#### Your task
Your answer must be the lines from the one containing "供應(yīng)批發(fā)塑紙燈籠價(jià)格便宜質(zhì)量好" through the last line of the records below, copied exactly, with the pictures left out.

#### Task data
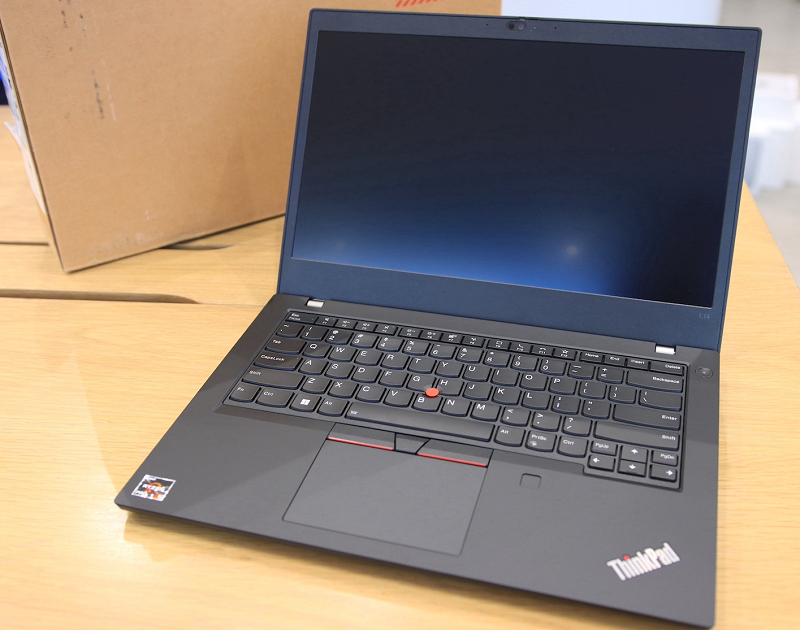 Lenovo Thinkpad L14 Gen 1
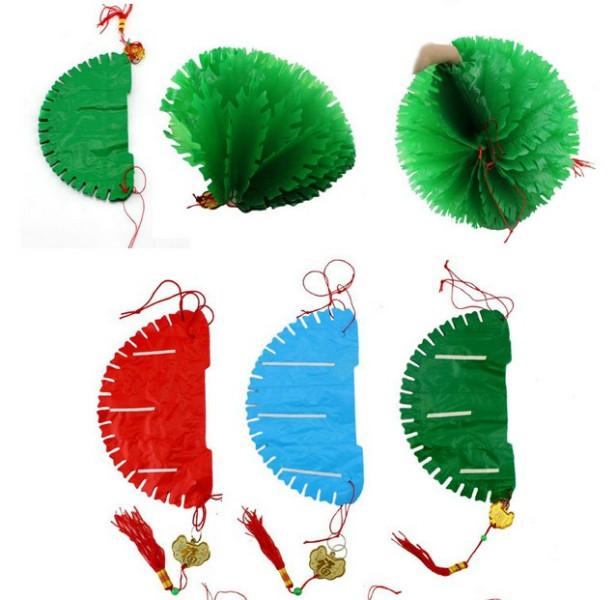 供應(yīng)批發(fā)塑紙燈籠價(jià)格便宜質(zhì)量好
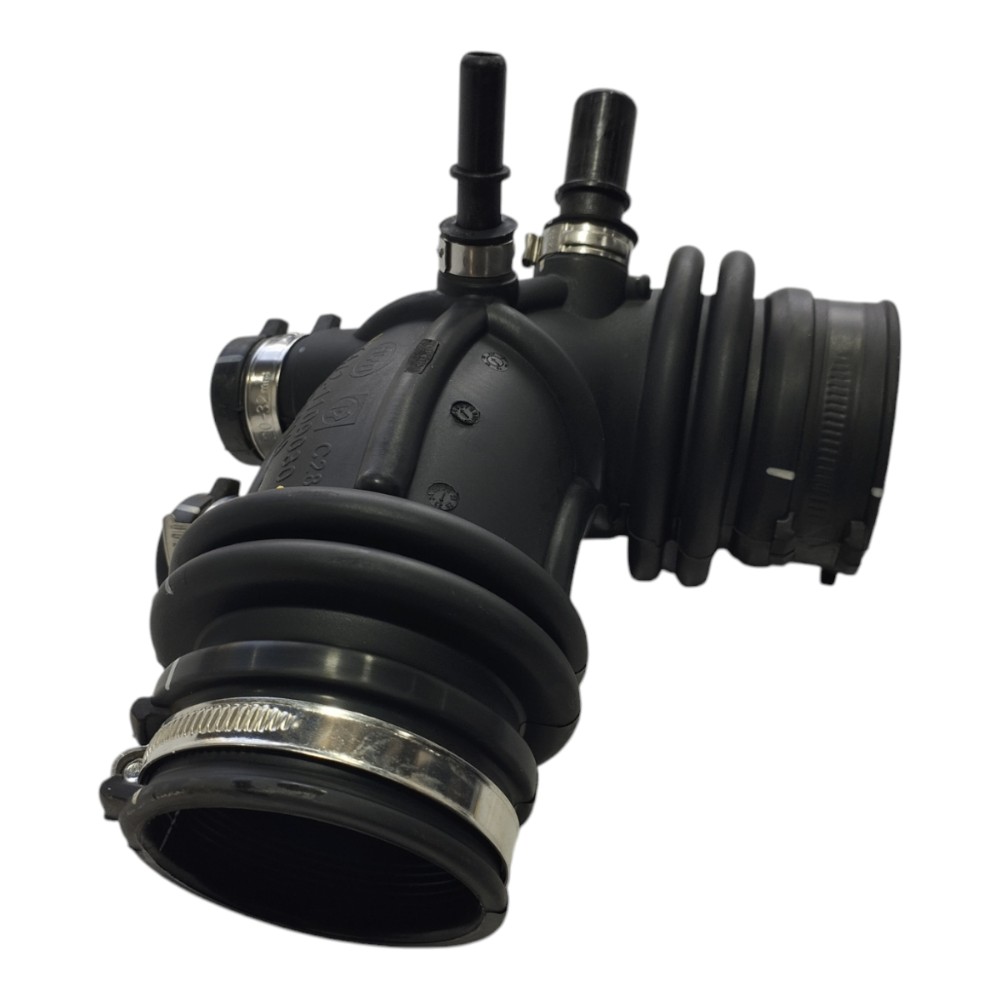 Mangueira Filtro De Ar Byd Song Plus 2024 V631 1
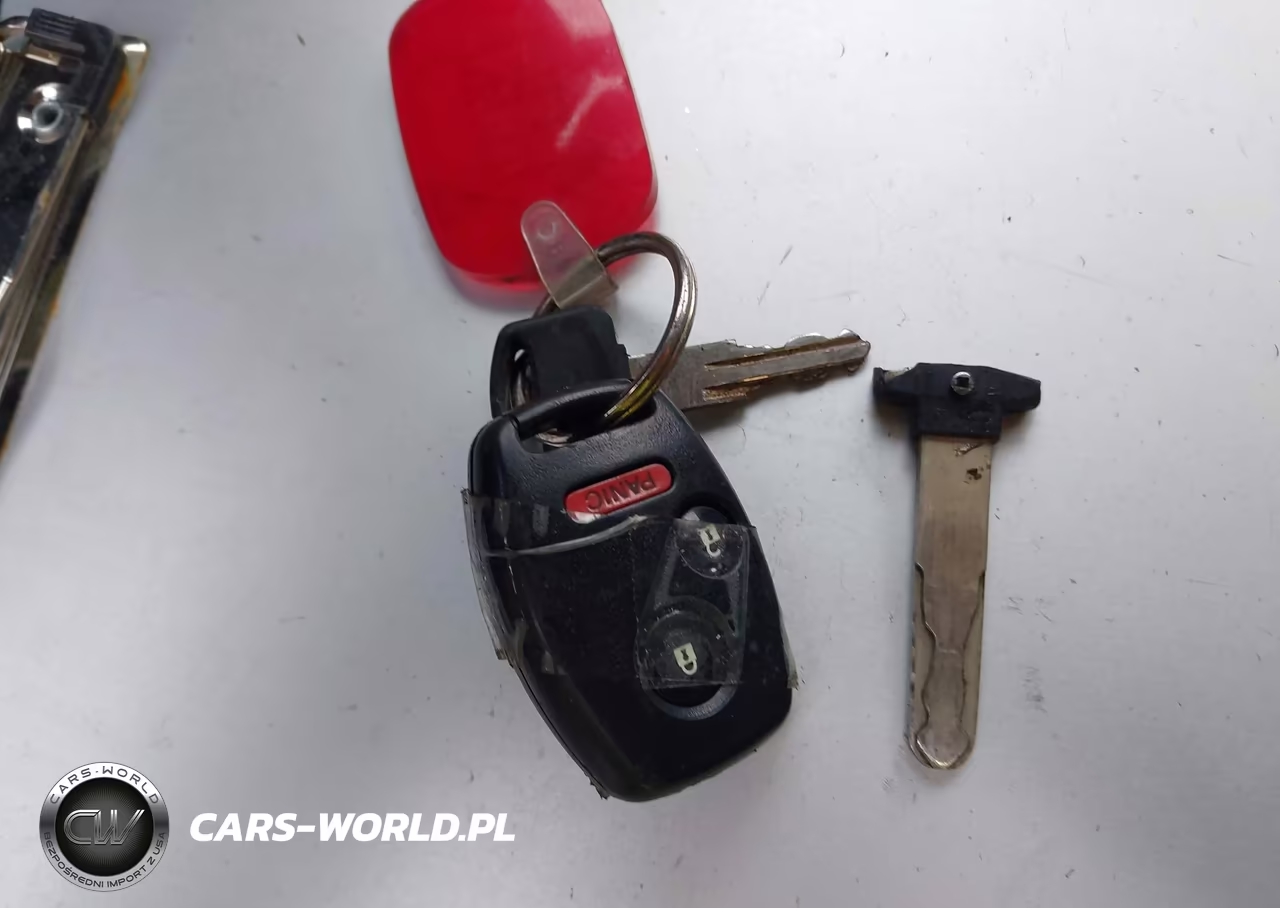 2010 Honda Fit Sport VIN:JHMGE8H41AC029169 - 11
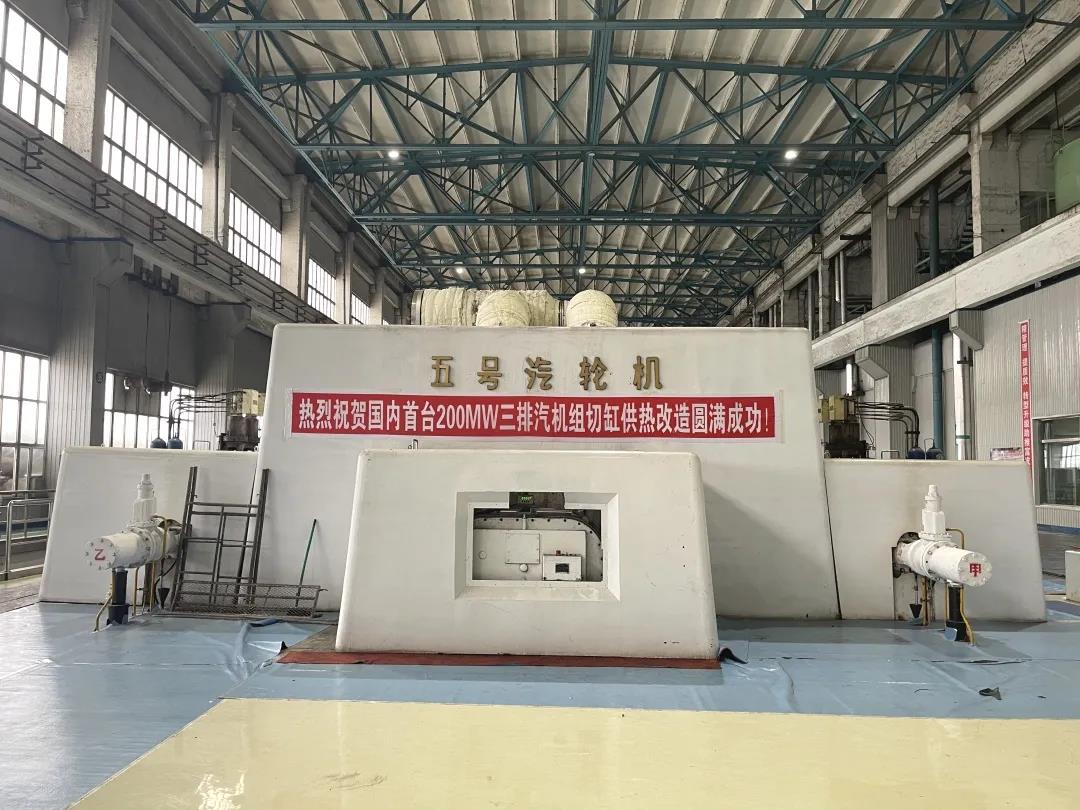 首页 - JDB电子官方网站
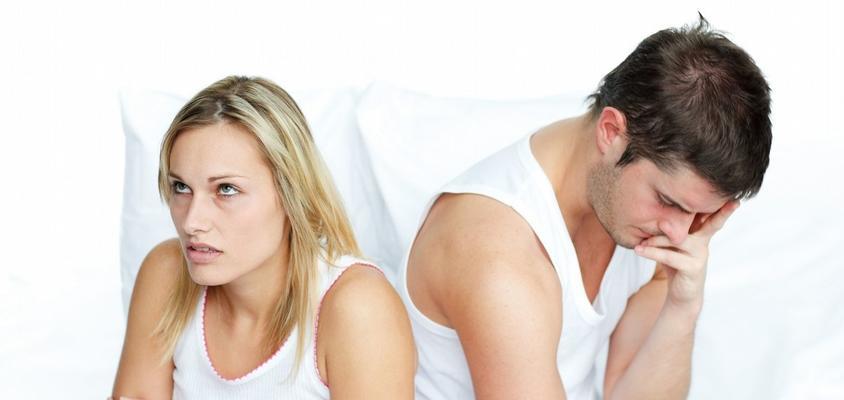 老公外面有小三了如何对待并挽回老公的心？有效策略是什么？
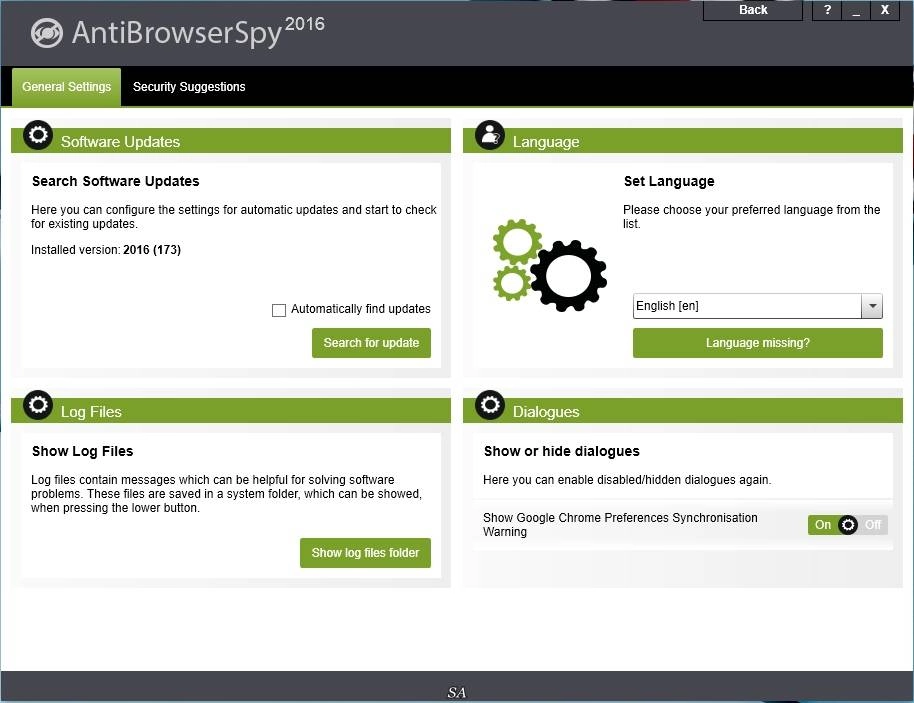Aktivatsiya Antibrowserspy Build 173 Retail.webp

#### Written answer
 供應(yīng)批發(fā)塑紙燈籠價(jià)格便宜質(zhì)量好
 Mangueira Filtro De Ar Byd Song Plus 2024 V631 1
 2010 Honda Fit Sport VIN:JHMGE8H41AC029169 - 11
 首页 - JDB电子官方网站
 老公外面有小三了如何对待并挽回老公的心？有效策略是什么？
Aktivatsiya Antibrowserspy Build 173 Retail.webp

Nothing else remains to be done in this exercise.